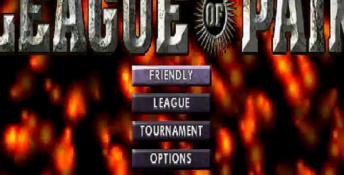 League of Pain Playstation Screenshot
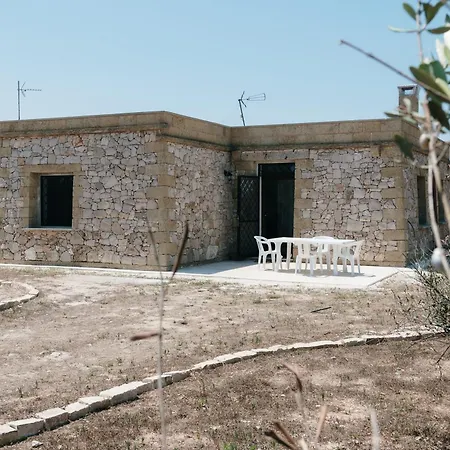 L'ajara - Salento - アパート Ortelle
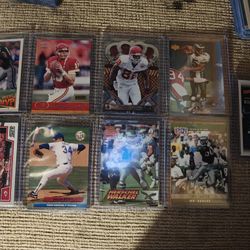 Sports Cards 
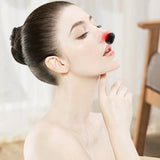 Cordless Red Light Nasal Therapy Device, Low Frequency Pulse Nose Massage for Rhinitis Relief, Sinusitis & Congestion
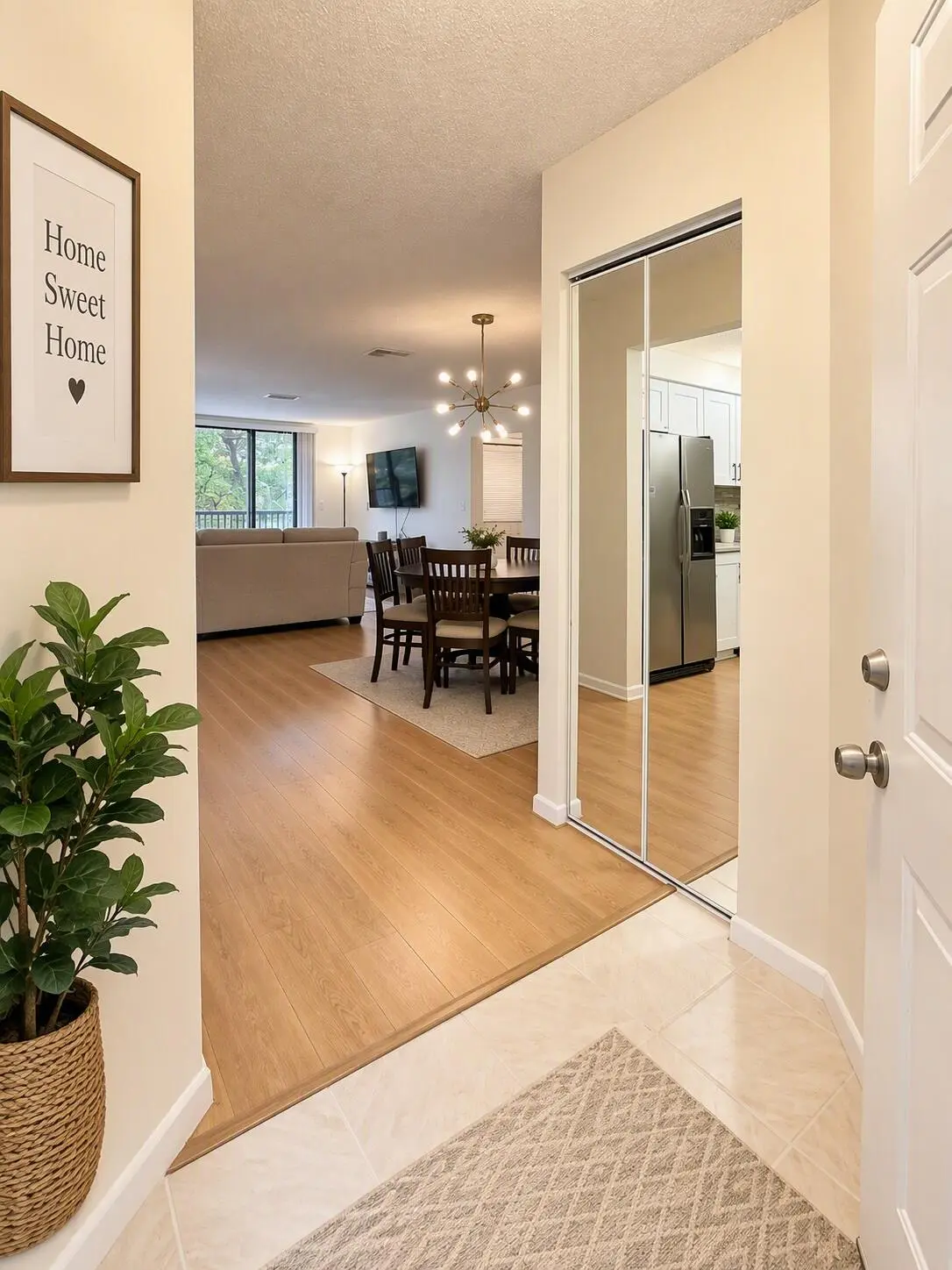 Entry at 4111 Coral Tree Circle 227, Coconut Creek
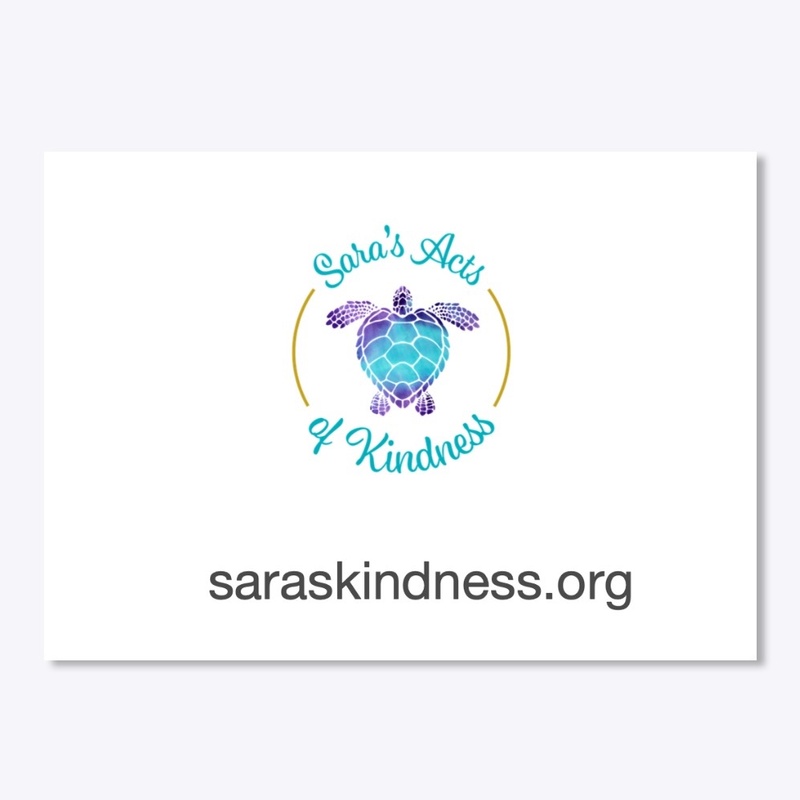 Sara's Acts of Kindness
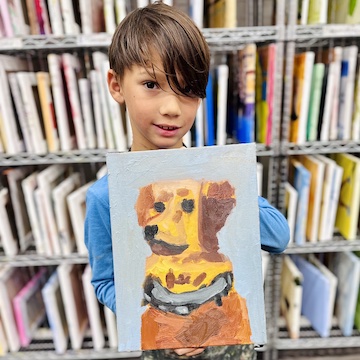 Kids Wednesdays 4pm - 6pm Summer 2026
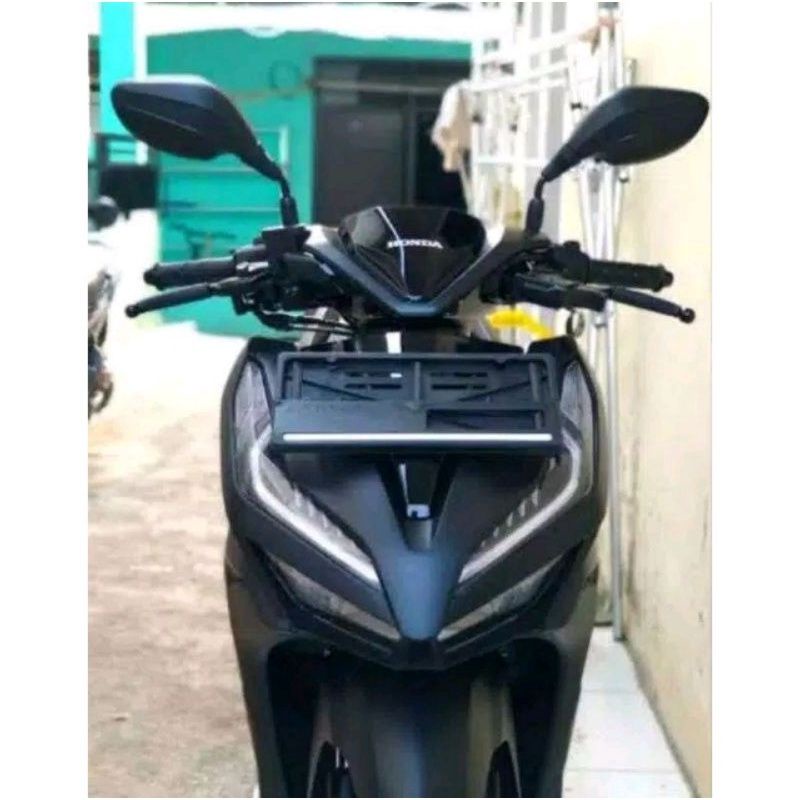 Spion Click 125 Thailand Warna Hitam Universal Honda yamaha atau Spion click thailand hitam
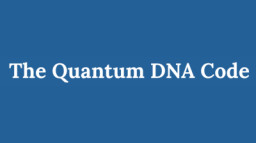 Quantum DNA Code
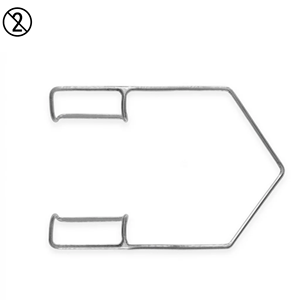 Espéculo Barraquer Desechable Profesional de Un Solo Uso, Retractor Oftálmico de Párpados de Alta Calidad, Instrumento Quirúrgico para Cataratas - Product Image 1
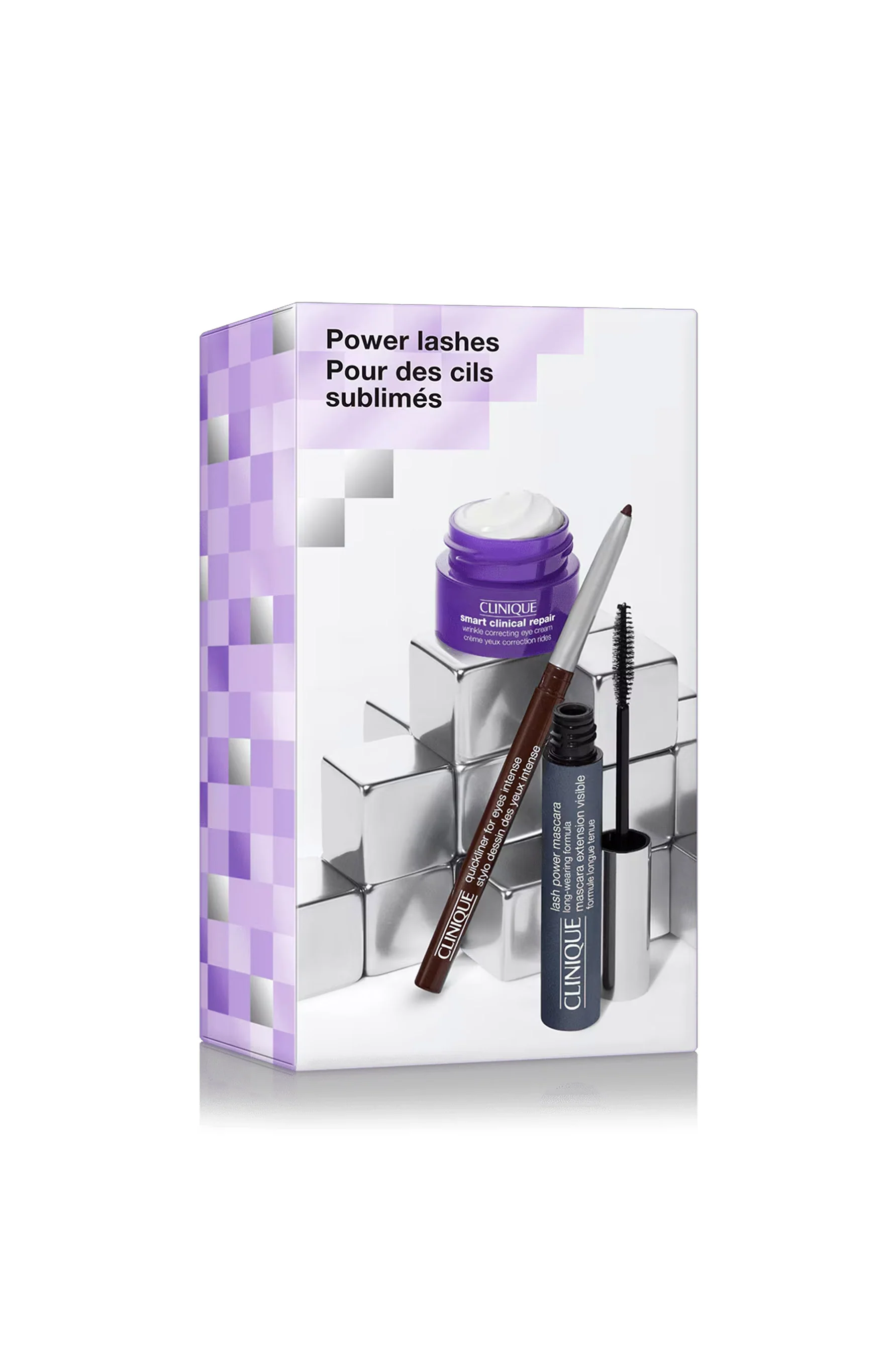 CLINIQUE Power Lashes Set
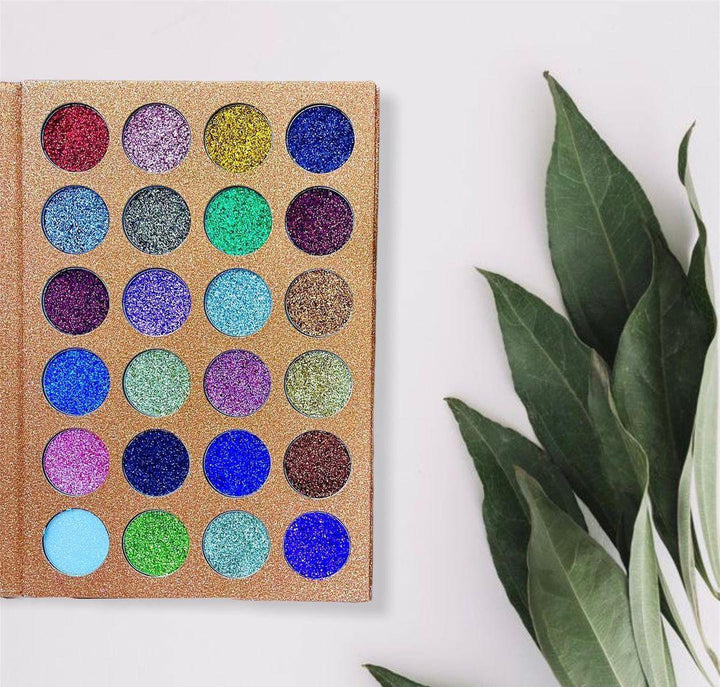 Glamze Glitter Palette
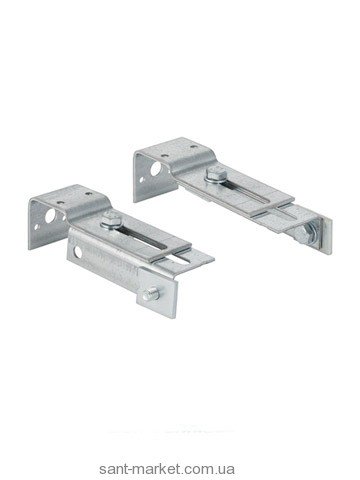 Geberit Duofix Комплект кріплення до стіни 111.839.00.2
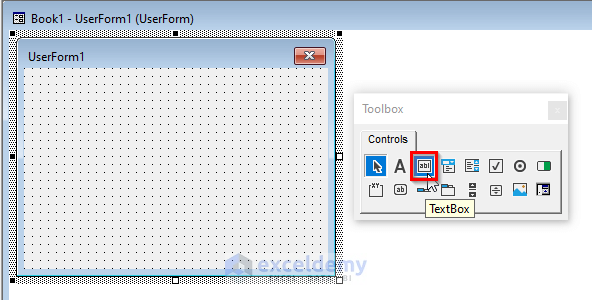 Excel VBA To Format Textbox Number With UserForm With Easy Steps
^^^^
= What is expected =
From the line containing "L'ajara - Salento - アパート Ortelle" down to the last line of the entries above, set down every line exactly. Omit all pictures.

= Solution =
 L'ajara - Salento - アパート Ortelle
 Sports Cards 
 Cordless Red Light Nasal Therapy Device, Low Frequency Pulse Nose Massage for Rhinitis Relief, Sinusitis & Congestion
 Entry at 4111 Coral Tree Circle 227, Coconut Creek
 Sara's Acts of Kindness
 Kids Wednesdays 4pm - 6pm Summer 2026
 Spion Click 125 Thailand Warna Hitam Universal Honda yamaha atau Spion click thailand hitam
 Quantum DNA Code
 Espéculo Barraquer Desechable Profesional de Un Solo Uso, Retractor Oftálmico de Párpados de Alta Calidad, Instrumento Quirúrgico para Cataratas - Product Image 1
 CLINIQUE Power Lashes Set
 Glamze Glitter Palette
 Geberit Duofix Комплект кріплення до стіни 111.839.00.2
 Excel VBA To Format Textbox Number With UserForm With Easy Steps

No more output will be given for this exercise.